ERIE COUNTY, N.Y. (WKBW) — Election Day 2020 is less than 100 days away and Board of Elections offices across the country are preparing. In Erie County, residents will be able to vote three different ways: absentee ballot, during early voting and in-person on Election Day.
“While there is going to be some difficulties, there are also new opportunities for voters to cast their ballots,” Erie County Board of Elections Democratic Commissioner Jeremy Zellner said.
In the June primary and special election, more than 200,000 ballots were mailed out and a little more than 150,000 were returned to the Erie County Board of Elections. Zellner said it is that election, now serving as a “test run” for the presidential election.
“It is. In some ways it’s going to be less complicated than it was in June and in other ways the volume is just going to increase dramatically,” said Zellner.
Zellner said his team learned more seasonal help will be necessary with the number of vote-by-mail ballots expect, but that is dependent on funding. He also said training needs improvement for inspectors. 7 Eyewitness News sent multiple interview requests to Zellner’s Republican counterpart Ralph Mohr, but he was unavailable for comment.
“I think if we want a model to look to what election night looks like is probably more election 2000 more than anything else we’ve seen,” Jacob Neiheisel said.
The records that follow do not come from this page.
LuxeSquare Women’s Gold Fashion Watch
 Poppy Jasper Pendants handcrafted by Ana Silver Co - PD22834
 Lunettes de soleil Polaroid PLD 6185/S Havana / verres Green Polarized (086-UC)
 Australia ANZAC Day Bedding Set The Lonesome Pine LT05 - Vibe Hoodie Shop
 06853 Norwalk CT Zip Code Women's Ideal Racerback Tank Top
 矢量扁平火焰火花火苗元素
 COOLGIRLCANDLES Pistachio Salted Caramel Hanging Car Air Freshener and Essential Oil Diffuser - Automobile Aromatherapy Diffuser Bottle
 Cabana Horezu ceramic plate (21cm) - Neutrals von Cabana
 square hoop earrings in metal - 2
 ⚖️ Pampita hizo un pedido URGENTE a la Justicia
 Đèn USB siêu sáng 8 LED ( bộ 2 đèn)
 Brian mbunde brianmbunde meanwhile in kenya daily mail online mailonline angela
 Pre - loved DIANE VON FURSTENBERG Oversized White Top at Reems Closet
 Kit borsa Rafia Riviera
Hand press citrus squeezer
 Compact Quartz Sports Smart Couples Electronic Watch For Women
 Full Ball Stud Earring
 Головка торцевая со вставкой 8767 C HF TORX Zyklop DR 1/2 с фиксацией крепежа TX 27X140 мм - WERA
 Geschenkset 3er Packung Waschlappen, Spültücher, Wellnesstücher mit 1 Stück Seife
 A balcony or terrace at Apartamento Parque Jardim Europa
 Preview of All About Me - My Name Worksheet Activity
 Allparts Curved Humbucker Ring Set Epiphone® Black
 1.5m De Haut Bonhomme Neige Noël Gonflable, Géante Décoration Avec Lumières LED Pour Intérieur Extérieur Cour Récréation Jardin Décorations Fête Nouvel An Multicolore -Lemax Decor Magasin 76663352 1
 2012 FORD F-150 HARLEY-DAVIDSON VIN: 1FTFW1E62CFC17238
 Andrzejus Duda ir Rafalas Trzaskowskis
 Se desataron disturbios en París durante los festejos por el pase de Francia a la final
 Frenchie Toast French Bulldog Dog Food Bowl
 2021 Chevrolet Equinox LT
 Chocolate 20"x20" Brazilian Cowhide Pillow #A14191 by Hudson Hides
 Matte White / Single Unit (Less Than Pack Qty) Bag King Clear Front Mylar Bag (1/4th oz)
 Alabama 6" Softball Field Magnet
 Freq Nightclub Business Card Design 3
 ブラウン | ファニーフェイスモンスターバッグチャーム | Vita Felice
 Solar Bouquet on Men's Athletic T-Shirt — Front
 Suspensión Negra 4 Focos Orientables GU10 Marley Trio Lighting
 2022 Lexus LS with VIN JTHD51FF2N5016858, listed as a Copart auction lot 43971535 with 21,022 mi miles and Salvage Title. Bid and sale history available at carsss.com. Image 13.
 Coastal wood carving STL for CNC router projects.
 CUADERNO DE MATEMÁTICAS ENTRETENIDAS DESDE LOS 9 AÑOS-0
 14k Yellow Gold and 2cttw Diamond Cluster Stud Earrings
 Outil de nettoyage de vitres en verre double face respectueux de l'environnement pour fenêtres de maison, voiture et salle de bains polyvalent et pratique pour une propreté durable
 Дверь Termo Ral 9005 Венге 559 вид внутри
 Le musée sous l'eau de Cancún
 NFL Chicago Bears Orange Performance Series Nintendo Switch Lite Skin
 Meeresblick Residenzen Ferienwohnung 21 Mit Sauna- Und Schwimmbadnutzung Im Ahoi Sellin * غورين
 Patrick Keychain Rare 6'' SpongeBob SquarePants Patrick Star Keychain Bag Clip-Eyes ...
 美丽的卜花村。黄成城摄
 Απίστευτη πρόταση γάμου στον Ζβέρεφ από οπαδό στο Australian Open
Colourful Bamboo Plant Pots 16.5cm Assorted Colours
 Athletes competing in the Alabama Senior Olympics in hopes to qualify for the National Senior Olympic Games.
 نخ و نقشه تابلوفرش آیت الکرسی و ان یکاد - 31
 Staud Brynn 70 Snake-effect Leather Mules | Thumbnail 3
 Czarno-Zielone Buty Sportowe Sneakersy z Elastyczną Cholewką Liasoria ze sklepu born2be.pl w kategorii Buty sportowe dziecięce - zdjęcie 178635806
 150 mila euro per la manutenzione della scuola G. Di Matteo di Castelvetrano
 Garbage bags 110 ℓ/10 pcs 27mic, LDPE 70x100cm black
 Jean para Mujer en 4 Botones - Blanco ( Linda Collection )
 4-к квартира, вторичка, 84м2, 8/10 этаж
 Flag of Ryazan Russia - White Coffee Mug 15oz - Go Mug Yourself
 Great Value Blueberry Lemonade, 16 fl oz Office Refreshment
He’s an Associate Professor of Political Science at University of Buffalo and elections expert.
Neiheisel said pack your patience when it comes to election results. But before that, he believes all Board of Elections need to invest in voter education.
Outside of voter education, Neiheisel said there are several other lessons to be learned from the June election. “I think doing the best they can be learning the lessons of NY27. To streamline procedures in house, getting their people training and ensuring they do everything possible to produce the best return rate when it comes to ballots,” said Neiheisel.
As for vote-by-mail, he does believe more voters will turn to this option, which has been under attack by President Donald Trump. The president has repeatedly pushed unsubstantiated claims that mail-in voting leads to voter fraud.
“I’d like to assure people that this is something we have looked at, we have tested and there’s really no evidence out there that it leads to more fraud. What there is evidence of is that it leads to more spoiled ballots or less confidence in the process,” Neiheisel said.
Zellner assured voters, every vote will by counted.
“Our staff is ready. We’re preparing now. We’re working with the other agencies that we have to work with and every vote will be counted,” said Zellner.